Ob die Merkel’sche Politik sich am Ende als richtig oder falsch erweist, kann niemand heute sagen. Das weisst auch jeder, der darüber meckert (auch ich – ich gehöre ja eher zu den Kritikern). Das ganze German-bashing hat also nichts mit rationalen Argumenten zu tun, sondern mit etwas anderem: Deutschland ist wieder groß.
Größe macht Angst. Ein großer Staat macht, was er will; kleinere Staaten sind ihnen abhängig und können gleichzeitig den großen Staaten nicht sagen, was sie zu tun haben. Größe kann auch gefährlich sein – egal, wie gut ein Staat es meint, er wird Fehler machen, und dann gibt es weitreichende Konsequenzen. Also ist die Angst vor einem großen Staat teilweise auch berechtigt.
Es sind immer große Staaten, die die Scheiße abkriegen. Der Underdog ist immer moralisch im Recht – auch wenn es wie im Falle Griechenlands zu inkompetent, korrupt, gierig, egozentrisch, sogar schmarotzer-mäßig handelt und eigentlich ein failed state ist, der droht, auch seine Nachbarn mit in den Abgrund zu reißen. Trotzdem: Klein ist immer moralisch im Recht.
Das ist vielleicht unfair dem großen Staat gegenüber, aber es ist auch eine Art Anerkennung: Erst, wenn man erkennt, dass ein Staat groß ist, bewirft man ihn mit Dreck. Ich sehe das jeden Tag als Amerikaner. Unterm Strich macht Amerika doppelt so viel richtig, als es falsch macht. Der Erfolg von Europa und speziell von Deutschland heute hängt zum großen Teil von der amerikanischen Außenpolitik von 1949 bis heute ab; trotz allem Rassismus, Armut und politischer Dysfunktion geht es dem Amerikaner im Durchschnitt viel besser als dem durchschnittlichen Europäer. Amerika ist der Motor hinter den Friedensbemühungen im nahen Osten und in den meisten Teilen der Welt; die meisten Innovationen in Kultur (Mad Men), Wirtschaft (Internet), Politik (Iran) und Moral (die LGBT-Bewegung) kommen aus Amerika.

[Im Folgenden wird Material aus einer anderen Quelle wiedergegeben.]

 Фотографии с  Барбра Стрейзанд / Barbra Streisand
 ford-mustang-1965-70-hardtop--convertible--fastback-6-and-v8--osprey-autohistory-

Trotzdem bewirft die ganze Welt Amerika mit Dreck. Warum? Nicht, weil die Deutschen, die Griechen, die Russen, die Palästinenser irgendwie besser sind als die Amerikaner (ganz im Gegenteil: Wenn man näher hinschaut sind die Sünden Amerikas verschwindend klein im Vergleich zu den Sunden dieser Länder), sondern, weil Amerika groß ist.

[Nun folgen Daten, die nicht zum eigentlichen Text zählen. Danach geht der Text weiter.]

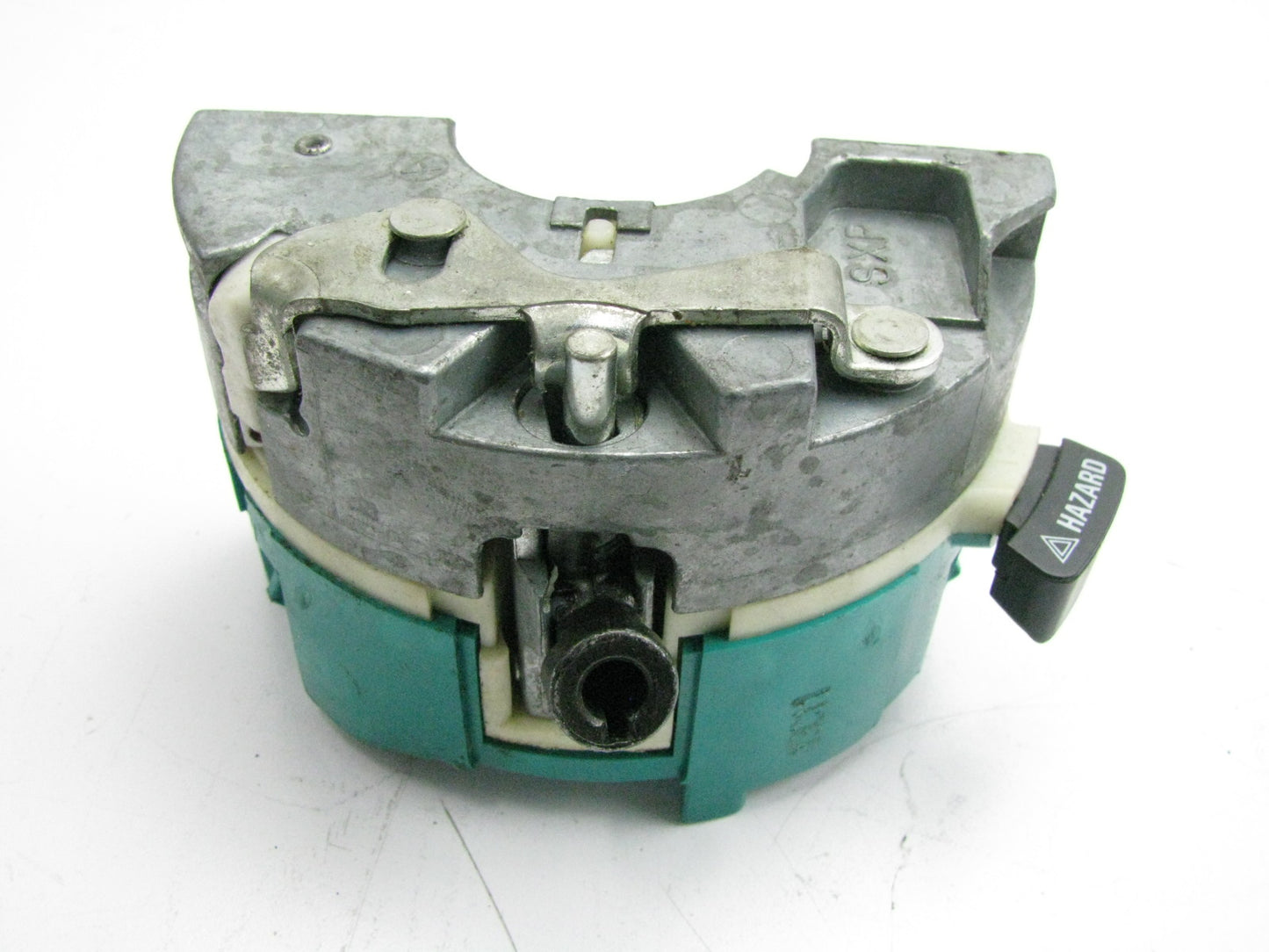 NEW - OUT OF BOX - OEM Ford F03C-13B302-BA Steering Column Turn Signal Switch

Jetzt erfährt endlich Deutschland auch, wie es ist, groß zu sein. Als eines der reichsten und mächtigsten Länder der Welt und als der Anführer Europas hat Deutschland enorme Macht und enorme Verantwortung – viel mehr, als die Deutschen selber wissen. Ich bin auch sicher, Deutschland wird verantwortlich und moralisch reflektiert mit dieser Macht umgehen, und in der Regel wird Deutschland auch relativ gute Entscheidungen machen. Trotzdem werden alle anderen Länder drum herum sich klein, ohnmächtig und bedroht fühlen (auch Amerika ahnt inzwischen, dass Deutschland bald mit uns auf Augenhöhe ist, und das macht uns auch Angst – daher das ganze Geschrei). Ab jetzt wird Deutschland regelmäßig und irrational immer wieder mit Scheiße beworfen, und es gibt nichts, was Deutschland dagegen tun kann.
Sie sollten sich auch gar nicht so überrascht geben. Jahre lang – naja, etwas mehr als 200 Jahre lang – beschmeisst Deutschland Amerika mit Dreck, selbst, nachdem Amerika Deutschland vor sich selbst gerettet hat. Sie wissen eigentlich schon, wie das funktioniert.
Es hilft, wenn die Deutschen sich langsam von ihrer Illusion verabschieden, sie wären fehlerfrei. 60 Jahre lang hat Deutschland an einem fiktiven Selbstbild gebastelt, das das Volk als die einzigen guten Menschen der westlichen Welt darstellt. Allerdings basierte das Bild darauf, das Deutschland in der Welt keine Verantwortung übernimmt und die anderen politisch für sie arbeiten lässt. Das ist es ganz einfach, keine Fehler zu machen.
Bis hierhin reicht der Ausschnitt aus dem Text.